After reading Paul Hsieh's note (Dec 17, 1999), I decided to compile
stream_d.c with Intel's C/C++ 4.5. I use Intel's compiler for my codes, and
find v4.5 offers real improvements for memory-intensive apps, with
consistent performance for runs that last days.

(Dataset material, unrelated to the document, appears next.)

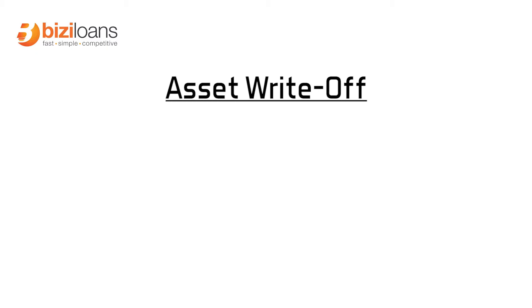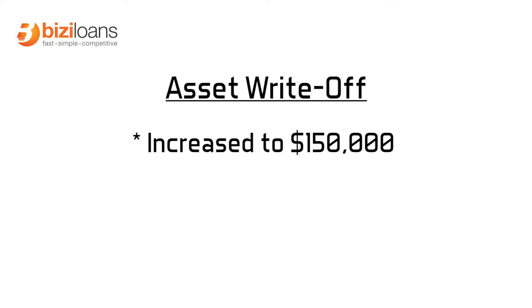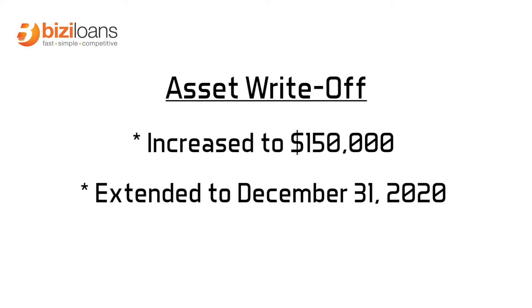Hi guys, Ben from Busy Loans. Just wanted to share some information in relation to the 150k stimulus package asset write-off for business. The asset write-off has been extended from 30k to 150k as per the government, and it has also been extended from June 30 to December 31st 2020.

I used Paul Hsieh's
??-p55clock.c, since the clock() function in the win32*.c timer has very
In short, there was an overall, significant improvement for everything but
triad, relative to the Lahey F90.
In case it wasn't obvious: I didn't tweak the source code in any way; it
was the default stream_d.c.
copy, scale, add, triad
Avg_1st_7: 533.08, 502.9, 641.2, 582.0
Avg_all10: 531.2, 501.4, 636.5, 577.9
System: Athlon 800 in Asus K7V motherboard, 768 MB PC133 SDRAM with 4:3
RAM:FSB and CAS..RAS 3-2-2.
WDC 7200 RPM 20 GB EIDE drive.
OS: win98; I did 10 runs, since I've noticed significant performance
variations. I killed all but the basic background processes; however, I
think the very act of wiring the redirecting results to file, and
concatenating the files, may be responsible for the little "dip" sjown in
the pdf attached.
(1) stream.exe, win32 executable
(2) Athlon800_stream_c.txt, raw batch file output of ten runs
(3) Athlon800_stream_c.xls, Excel binary with results summary and plot
(4) plot_athlon800_stream_c.pdf, plot extracted from Excel file
Compilation switches were:
/G6 /ML /W2 /GX /O2 /D "WIN32" /D "NDEBUG" /D "_CONSOLE" /FA /Fa"Release/"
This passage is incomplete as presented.